# About this task
Print exactly the lines below between the line holding "YAMAHA 700 TENERE" and the line holding "Hair Clipper Pencukur", inclusive, and nothing more.

* * * *

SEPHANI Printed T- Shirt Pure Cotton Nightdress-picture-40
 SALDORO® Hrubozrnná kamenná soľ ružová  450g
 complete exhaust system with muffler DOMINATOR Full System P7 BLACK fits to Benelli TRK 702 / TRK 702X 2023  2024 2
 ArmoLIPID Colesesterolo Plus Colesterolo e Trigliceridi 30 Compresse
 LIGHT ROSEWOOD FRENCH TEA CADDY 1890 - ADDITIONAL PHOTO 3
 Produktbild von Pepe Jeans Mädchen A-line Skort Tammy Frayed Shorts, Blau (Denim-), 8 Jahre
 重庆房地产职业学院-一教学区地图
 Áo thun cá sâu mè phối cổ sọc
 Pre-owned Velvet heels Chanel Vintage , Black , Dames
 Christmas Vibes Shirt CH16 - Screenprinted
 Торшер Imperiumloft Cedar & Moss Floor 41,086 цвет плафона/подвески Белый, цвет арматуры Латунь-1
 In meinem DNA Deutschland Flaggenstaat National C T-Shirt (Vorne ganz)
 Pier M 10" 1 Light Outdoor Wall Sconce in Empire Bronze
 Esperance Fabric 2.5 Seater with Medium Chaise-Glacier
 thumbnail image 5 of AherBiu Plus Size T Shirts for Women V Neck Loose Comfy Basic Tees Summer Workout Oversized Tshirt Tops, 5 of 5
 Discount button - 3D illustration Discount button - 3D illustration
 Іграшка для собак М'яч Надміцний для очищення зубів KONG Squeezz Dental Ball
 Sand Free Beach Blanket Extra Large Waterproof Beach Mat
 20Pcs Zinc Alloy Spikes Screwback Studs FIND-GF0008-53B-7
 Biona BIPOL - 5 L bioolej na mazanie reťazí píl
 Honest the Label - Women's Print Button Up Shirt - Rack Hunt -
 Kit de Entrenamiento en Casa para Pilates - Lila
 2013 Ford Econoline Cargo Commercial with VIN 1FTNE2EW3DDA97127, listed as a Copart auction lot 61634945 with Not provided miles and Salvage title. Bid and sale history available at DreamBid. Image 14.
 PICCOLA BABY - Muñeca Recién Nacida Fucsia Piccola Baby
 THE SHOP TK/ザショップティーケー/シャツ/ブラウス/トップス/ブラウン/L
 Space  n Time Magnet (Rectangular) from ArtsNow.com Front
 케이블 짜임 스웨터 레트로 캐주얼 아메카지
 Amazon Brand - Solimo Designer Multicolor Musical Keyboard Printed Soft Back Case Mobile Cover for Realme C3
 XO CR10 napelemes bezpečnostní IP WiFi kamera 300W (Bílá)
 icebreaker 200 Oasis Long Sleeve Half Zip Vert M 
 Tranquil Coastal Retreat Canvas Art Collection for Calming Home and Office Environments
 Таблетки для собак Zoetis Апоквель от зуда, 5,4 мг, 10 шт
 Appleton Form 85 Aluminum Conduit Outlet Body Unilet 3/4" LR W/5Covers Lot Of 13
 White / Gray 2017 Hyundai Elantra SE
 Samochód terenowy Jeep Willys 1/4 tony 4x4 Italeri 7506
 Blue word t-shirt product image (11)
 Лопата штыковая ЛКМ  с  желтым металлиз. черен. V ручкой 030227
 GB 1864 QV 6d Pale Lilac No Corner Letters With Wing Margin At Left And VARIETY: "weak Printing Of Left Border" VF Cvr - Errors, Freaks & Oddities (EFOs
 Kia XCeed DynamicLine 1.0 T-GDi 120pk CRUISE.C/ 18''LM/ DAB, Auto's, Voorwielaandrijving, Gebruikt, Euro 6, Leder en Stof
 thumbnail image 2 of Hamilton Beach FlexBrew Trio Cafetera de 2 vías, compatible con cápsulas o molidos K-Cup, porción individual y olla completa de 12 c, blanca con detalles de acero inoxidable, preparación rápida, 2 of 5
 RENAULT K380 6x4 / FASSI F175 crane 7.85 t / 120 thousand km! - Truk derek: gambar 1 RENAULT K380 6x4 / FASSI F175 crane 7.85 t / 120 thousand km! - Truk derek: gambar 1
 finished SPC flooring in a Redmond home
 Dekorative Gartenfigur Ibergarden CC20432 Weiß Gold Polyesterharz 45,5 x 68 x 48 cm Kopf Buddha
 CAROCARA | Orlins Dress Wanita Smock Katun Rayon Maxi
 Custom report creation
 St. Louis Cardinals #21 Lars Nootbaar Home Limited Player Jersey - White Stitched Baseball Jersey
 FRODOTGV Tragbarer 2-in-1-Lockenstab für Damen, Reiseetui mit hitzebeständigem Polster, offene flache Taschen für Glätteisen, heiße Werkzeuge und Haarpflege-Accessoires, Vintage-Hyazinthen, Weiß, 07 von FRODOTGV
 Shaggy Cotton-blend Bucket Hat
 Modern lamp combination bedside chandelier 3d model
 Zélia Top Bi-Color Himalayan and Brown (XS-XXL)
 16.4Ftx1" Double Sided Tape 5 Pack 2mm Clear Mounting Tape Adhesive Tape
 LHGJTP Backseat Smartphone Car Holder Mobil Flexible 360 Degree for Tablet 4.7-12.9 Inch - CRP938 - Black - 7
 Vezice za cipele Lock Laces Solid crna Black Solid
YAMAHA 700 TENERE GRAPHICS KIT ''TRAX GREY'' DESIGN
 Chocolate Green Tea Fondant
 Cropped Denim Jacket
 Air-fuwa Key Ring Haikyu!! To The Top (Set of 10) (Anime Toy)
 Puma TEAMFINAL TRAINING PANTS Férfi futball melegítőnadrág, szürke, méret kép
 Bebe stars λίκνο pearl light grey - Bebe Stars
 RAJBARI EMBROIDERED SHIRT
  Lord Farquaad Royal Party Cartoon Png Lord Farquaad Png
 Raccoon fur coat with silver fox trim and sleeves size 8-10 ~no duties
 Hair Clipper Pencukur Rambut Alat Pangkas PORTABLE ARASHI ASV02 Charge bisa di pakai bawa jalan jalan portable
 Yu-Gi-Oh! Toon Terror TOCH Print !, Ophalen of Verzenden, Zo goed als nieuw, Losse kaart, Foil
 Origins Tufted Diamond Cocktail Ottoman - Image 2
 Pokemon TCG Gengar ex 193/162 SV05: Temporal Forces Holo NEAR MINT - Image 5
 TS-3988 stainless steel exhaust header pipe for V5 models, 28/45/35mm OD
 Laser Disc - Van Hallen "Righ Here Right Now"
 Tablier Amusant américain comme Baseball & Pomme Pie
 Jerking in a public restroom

* * * *

# Answer below
YAMAHA 700 TENERE GRAPHICS KIT ''TRAX GREY'' DESIGN
 Chocolate Green Tea Fondant
 Cropped Denim Jacket
 Air-fuwa Key Ring Haikyu!! To The Top (Set of 10) (Anime Toy)
 Puma TEAMFINAL TRAINING PANTS Férfi futball melegítőnadrág, szürke, méret kép
 Bebe stars λίκνο pearl light grey - Bebe Stars
 RAJBARI EMBROIDERED SHIRT
  Lord Farquaad Royal Party Cartoon Png Lord Farquaad Png
 Raccoon fur coat with silver fox trim and sleeves size 8-10 ~no duties
 Hair Clipper Pencukur Rambut Alat Pangkas PORTABLE ARASHI ASV02 Charge bisa di pakai bawa jalan jalan portable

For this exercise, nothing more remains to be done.